Exercise prompt – Reproduce word for word, from the entries below, the line with "Freightliner M2106 4x2", the line with "TBMM Bakan Cemil", and every line between them, and nothing more.

Input material –
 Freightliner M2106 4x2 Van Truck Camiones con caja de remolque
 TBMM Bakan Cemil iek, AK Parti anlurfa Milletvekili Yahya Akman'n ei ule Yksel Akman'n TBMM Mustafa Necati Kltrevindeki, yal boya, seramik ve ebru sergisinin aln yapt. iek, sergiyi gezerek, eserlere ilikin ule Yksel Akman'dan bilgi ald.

---

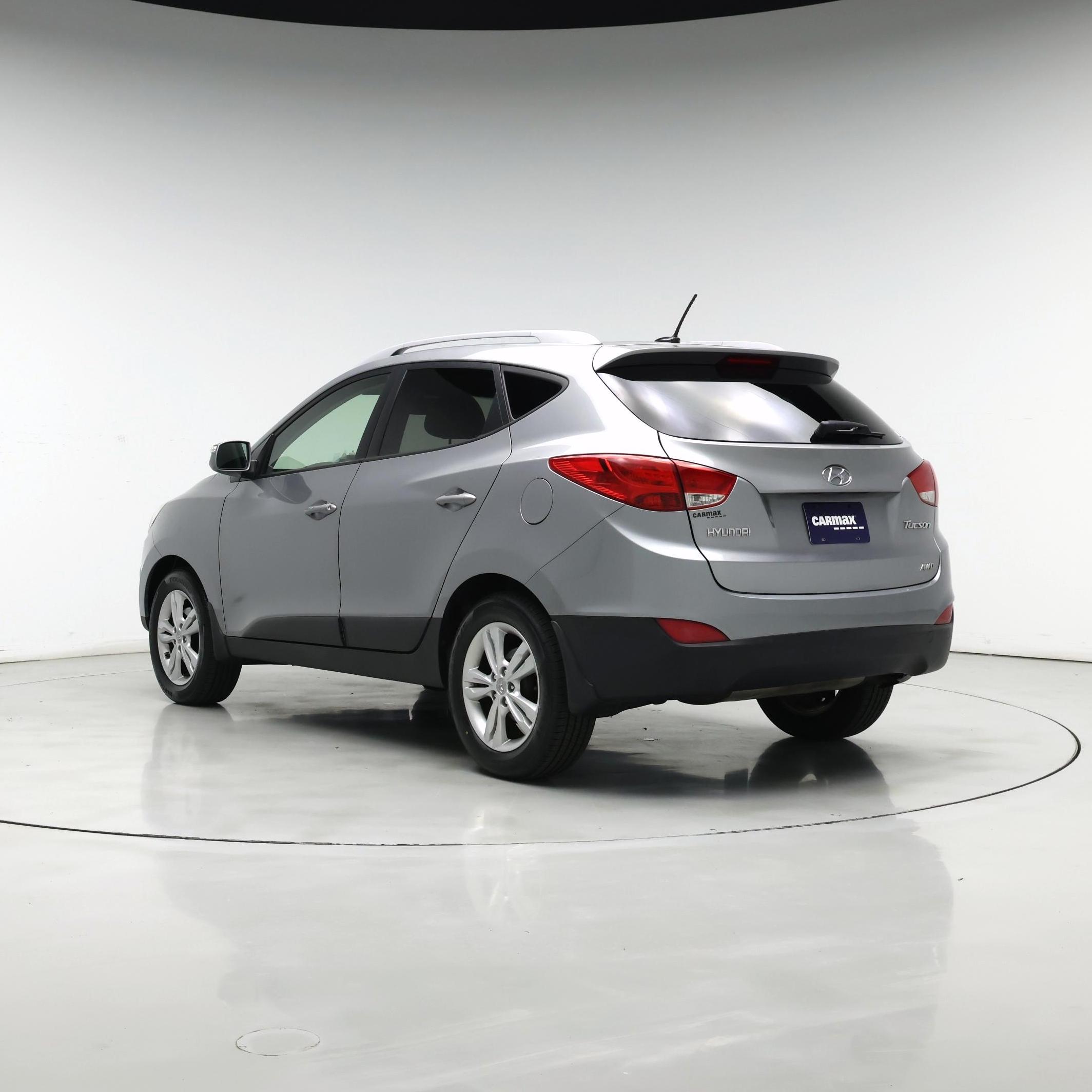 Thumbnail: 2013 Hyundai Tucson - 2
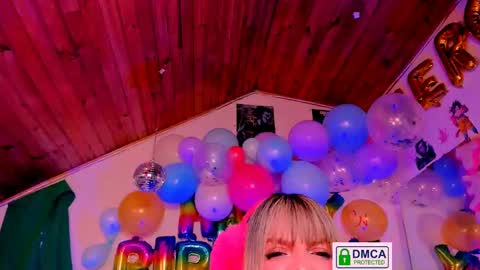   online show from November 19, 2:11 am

Answer for this exercise –
 Freightliner M2106 4x2 Van Truck Camiones con caja de remolque
 TBMM Bakan Cemil iek, AK Parti anlurfa Milletvekili Yahya Akman'n ei ule Yksel Akman'n TBMM Mustafa Necati Kltrevindeki, yal boya, seramik ve ebru sergisinin aln yapt. iek, sergiyi gezerek, eserlere ilikin ule Yksel Akman'dan bilgi ald.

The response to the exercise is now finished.